Postnatal Hemorrhage
Loss of fetal blood into the placenta can occur during delivery. In fact, a net shift of blood from the fetus into the placenta is a rather common cause of low-grade neonatal anemia. At term, the fetal-placental-umbilical cord unit contains about 120 mL of blood per kg body weight. After delivery, but before the umbilical cord is severed, blood in this unit can flow predominantly toward or away from the neonate. Neonates can lose up to 20% of their blood volume when born with a tight nuchal cord, which allows blood to be pumped through umbilical arteries toward the placenta while constricting flow back from the placenta to the baby through the umbilical vein, which is more easily constricted due to its thin wall.

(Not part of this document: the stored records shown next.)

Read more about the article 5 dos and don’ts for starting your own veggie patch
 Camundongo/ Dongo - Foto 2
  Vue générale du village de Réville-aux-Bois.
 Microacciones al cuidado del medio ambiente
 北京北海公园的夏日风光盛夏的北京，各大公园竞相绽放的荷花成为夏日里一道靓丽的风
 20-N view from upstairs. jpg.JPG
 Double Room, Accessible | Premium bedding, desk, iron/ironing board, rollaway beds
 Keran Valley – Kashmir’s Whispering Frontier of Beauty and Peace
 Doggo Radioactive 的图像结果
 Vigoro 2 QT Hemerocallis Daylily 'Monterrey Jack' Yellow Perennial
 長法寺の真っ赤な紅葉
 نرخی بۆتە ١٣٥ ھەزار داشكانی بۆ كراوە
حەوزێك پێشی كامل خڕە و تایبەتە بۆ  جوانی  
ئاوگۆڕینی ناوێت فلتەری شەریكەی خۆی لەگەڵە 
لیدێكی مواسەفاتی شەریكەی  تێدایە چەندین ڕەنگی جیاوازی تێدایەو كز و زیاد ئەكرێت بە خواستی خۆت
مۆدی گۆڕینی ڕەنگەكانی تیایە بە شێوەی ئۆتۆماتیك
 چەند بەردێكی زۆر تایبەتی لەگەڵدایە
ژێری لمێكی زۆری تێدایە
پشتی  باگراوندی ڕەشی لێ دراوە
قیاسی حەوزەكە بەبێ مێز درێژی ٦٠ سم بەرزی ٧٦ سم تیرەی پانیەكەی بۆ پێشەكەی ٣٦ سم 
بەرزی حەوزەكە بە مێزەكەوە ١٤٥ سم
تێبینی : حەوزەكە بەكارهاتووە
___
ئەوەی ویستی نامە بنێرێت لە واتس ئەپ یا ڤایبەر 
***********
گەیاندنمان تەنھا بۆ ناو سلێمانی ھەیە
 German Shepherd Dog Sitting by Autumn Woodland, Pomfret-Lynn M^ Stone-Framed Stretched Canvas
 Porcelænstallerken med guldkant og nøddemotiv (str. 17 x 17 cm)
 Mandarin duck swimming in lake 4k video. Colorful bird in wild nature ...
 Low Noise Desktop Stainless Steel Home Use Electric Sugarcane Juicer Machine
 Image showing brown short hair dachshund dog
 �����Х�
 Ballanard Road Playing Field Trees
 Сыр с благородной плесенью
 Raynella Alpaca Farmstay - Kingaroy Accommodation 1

As shown in Fig. 43.10 , blood loss can occur into the subgaleal space before or after birth. This is seen most commonly with difficult deliveries requiring vacuum or forceps assistance. Subgaleal hemorrhages are potentially life-threatening and must be recognized as early as possible to prevent significant morbidity or mortality. The hemorrhage occurs when bridging veins are torn, allowing blood to accumulate in the large potential space between the galea aponeurotica and the periosteum of the skull. The subgaleal space extends from the orbital ridge to the base of the skull and can accommodate a volume equivalent to an infant’s entire blood volume.